Open andreaswittig opened 1 year ago
+1 for this feature
(some documentation of best practices on manual scale up process would be nice too)
Based on several days of working with the three services, one can do an HA and auto-scaling configuration out of the box if one sets AutoScaling
to true, and sets the DesiredCount
, MaxCapacity
, and MinCapacity
. The only service that doesn't scale well is the sidekiq service. According to this page https://docs.joinmastodon.org/admin/scaling/#sidekiq, you can have multiple sidekiq services on different queues, except for the scheduler queue. There can only be one of those. My fork has a few of these changes already in the istoleyourpw-deploy
branch: https://github.com/compuguy/mastodon-on-aws
Edit: Came across this article (https://nora.codes/post/scaling-mastodon-in-the-face-of-an-exodus/), it explains how to split up the sidekiq tasks. Can have multiple instances with the default, push, and pull
queues, and have one instance for mailer and scheduler.
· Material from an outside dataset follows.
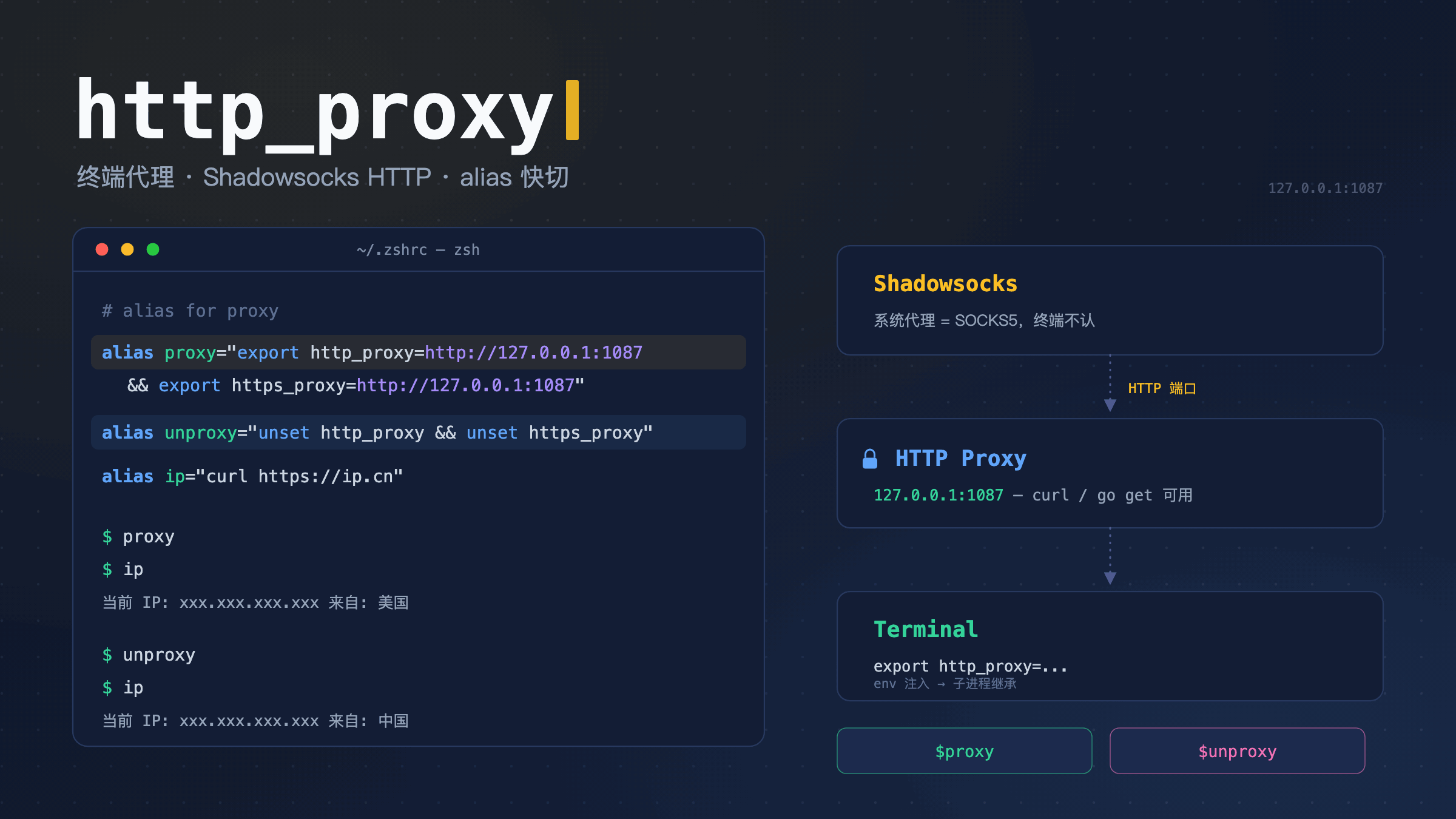 终端 HTTP 代理配置:Shadowsocks 端口与 zshrc alias 快切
My Sidekiq task is regularly pegging at 100% CPU utilization... definitely need some guidance on configuring scaling...
@scrappydog Same for us. I'm not sure if that is an issue. It likely doesn't matter if the background tasks utilize all resources as long as they finish withou much delay. For us, we see spikes to 100% but only for minutes. Do you see the same pattern?
That looks very similar to utilization on my instance.
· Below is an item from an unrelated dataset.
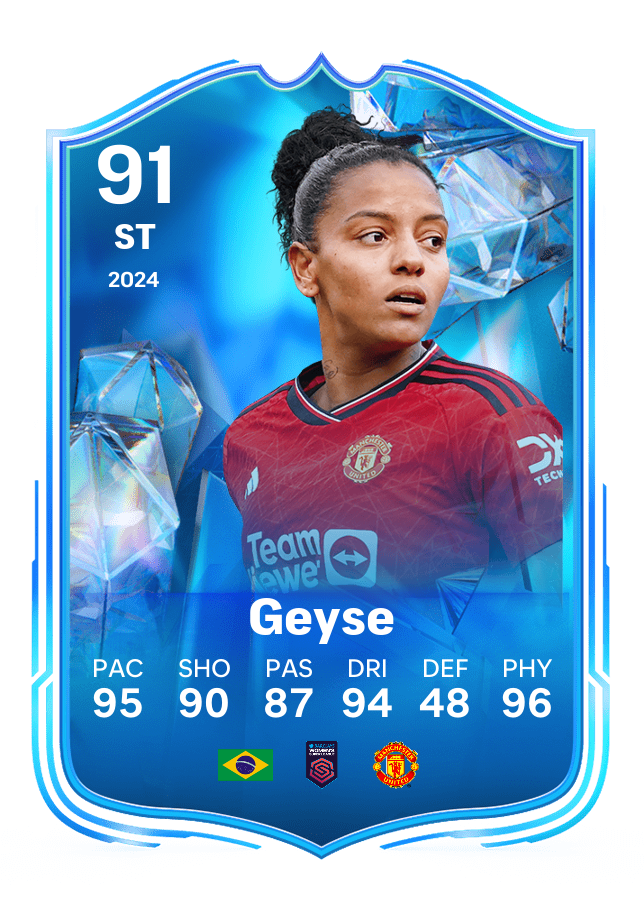 Player card image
My inner system admin really "wants" to add another task... but I agree as long as jobs are completing in a reasonable time it's not an immediate issue.
BUT we are running tiny instances for testing... we NEED a way to scale up... :-)
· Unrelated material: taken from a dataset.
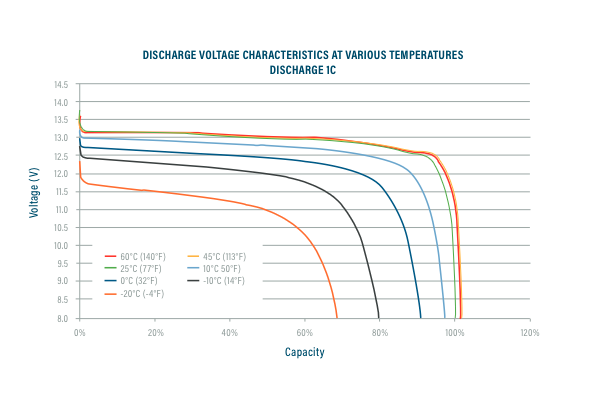 Discharge Voltage Chart 12 V graph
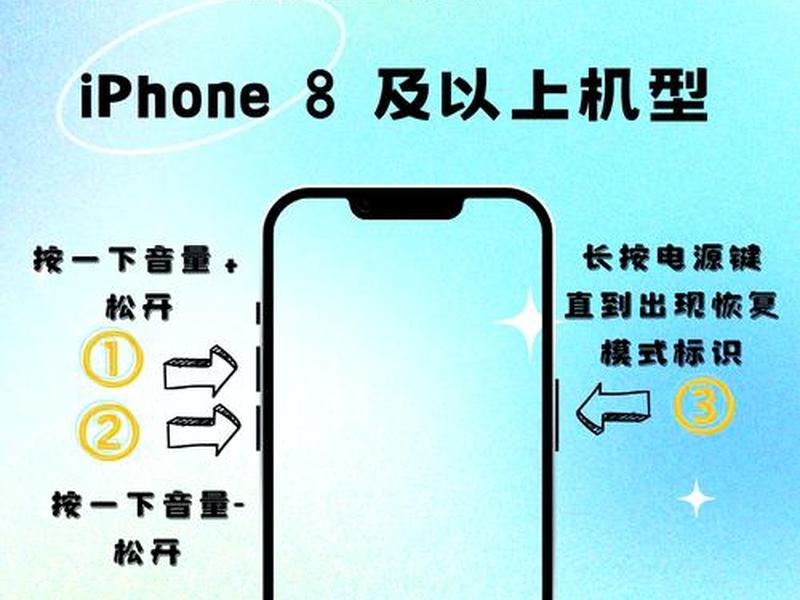 一键重装手机系统 一键重装手机系统怎么操作 一键重装手机系统 一键重装手机系统怎么操作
I bumped the CPU allocation up on the Sidekiq task to CPU .5 vCPU | Memory 3 GB...
This feels happier for now... but it doesn't address the real scalability question...
Upgraded about half way through this graph... definably a lot better!
I opened up #20 for sidekiq. This issue is about auto-scaling for web and streaming API.
Enabling auto-scaling is not the big deal here. What we need is a good metric to trigger scale out/in. And we need a test workload to test tis with. I have no idea how we can simulate mastodon load. If anyone here is reading this running an instance with enough users to benefit rom auto-scaling please let us know.
Just add a relay server and you will have CPU load in a minute.
I opened up #20 for sidekiq. This issue is about auto-scaling for web and streaming API.
Enabling auto-scaling is not the big deal here. What we need is a good metric to trigger scale out/in. And we need a test workload to test tis with. I have no idea how we can simulate mastodon load. If anyone here is reading this running an instance with enough users to benefit rom auto-scaling please let us know.
Yeah it's quite easy to autoscale the web and streaming API's. But for most people it's #20 that's more important since Sidekiq does most of the heavy lifting for Mastodon...
Evaluate and implement auto-scaling for ECS services web and streaming API.